If you're looking for temporary humidification (say for a week-long vacation), consider a tupperware container and some KL/beads. Fill your case with your daily smokes from the tupperdore.


----------



## Veldrid (Mar 28, 2010)

I wanted something that held a few more cigars than 3-4 for when I go to beer and cigar nights at my buddies house. I t allows me to bring a selection of sticks so I have some choices. I went with this one and I love it:

Statesman - Portable Leather Cigar Humidor Case


----------



## aea6574 (Jun 5, 2009)

I have the Xikar one and have been happy with it for just a day out-

http://www.xikar.com/product_case.asp

Best regards, tony


----------



## HWiebe (Jul 13, 2010)

Veldrid said:


> I wanted something that held a few more cigars than 3-4 for when I go to beer and cigar nights at my buddies house. I t allows me to bring a selection of sticks so I have some choices. I went with this one and I love it:
> 
> Statesman - Portable Leather Cigar Humidor Case


That one looks awesome. I use a plain leather one with no cedar lining. It's contoured to hug the cigars and keep them from moving. I have had some wrapper damage on thin/dry wrapper cigars.


----------



## Muad'Dib (Mar 9, 2011)

Veldrid said:


> I wanted something that held a few more cigars than 3-4 for when I go to beer and cigar nights at my buddies house. I t allows me to bring a selection of sticks so I have some choices. I went with this one and I love it:
> _can't post links_


I actually have that one, and didn't really like it because it doesn't seal at all, there's no material overlap. To be fair, I was using it as a primary travel case in winter, not as a couple hour travel case. I've since bought a 10 count caddy for that type of trip. I'm really just looking for something to put into a suit pocket, or a light spring jacket pocket, so from what everyone's posted, I think I'm going to go with cuban crafter's CC-03ROMABLACK (since I can't post links). Thanks.


----------



## asmartbull (Aug 16, 2009)

It is hard to beat cigar tubes for chest pockets. I use single tubes.


----------



## quincy627 (Jul 2, 2010)

I use the Xikar cases. I use the 2-3 size(depending on the size of the stick) or the single. These are cedar lined and provide enough protection to keep the sticks safe.


----------



## Babaki (Mar 17, 2011)

i have the cohiba one. came with 3 cohibas, its cedar lined and fits on your jacket pocket. i love it, great quality too. got for like 35 bucks including the sticks inside.

i would post the link but i cant. i got it at J&R


----------



## baderjkbr (Jun 21, 2010)

The Xikar 3 finger works fine for a weekend.

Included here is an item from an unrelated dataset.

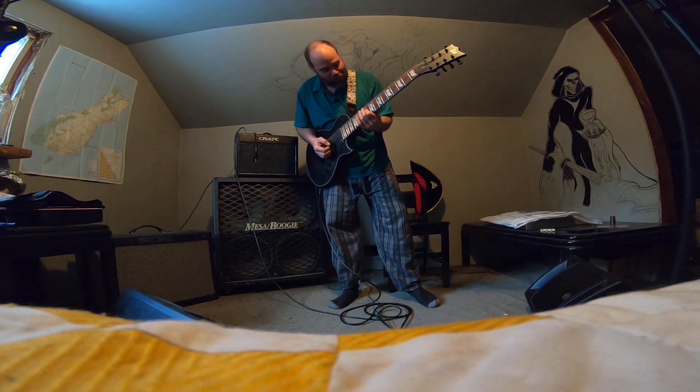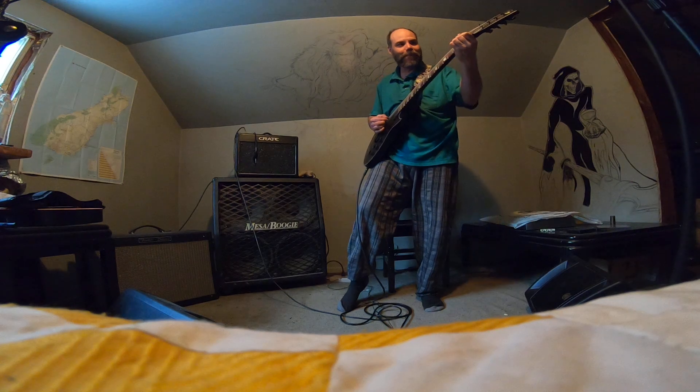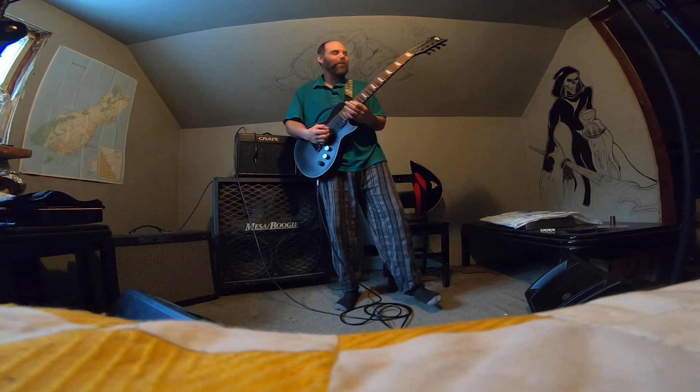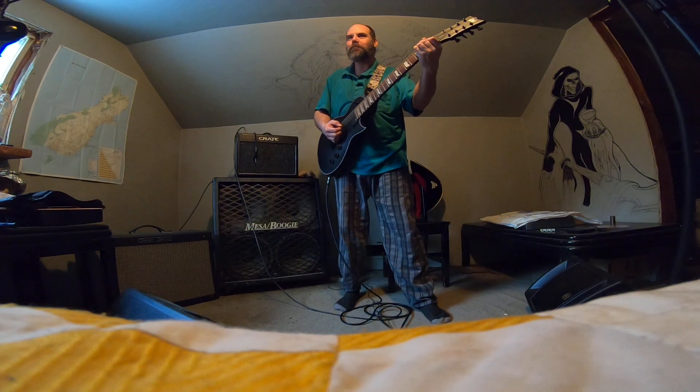I think my favorite part of the 8th string is the low B. It really is — it's so good. What a great note. Low F is good, but...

I seasoned it a couple days before the trip. Just distilled water.


----------



## CopGTP (Jun 8, 2010)

I use one from cuban crafters, three finger. It's leather, but doesn't have any type of cedar lining. Seems to keep cigars from drying out for about 3 days, compared to a day in the house in no container what so ever. 

Check them out, great pieces!


----------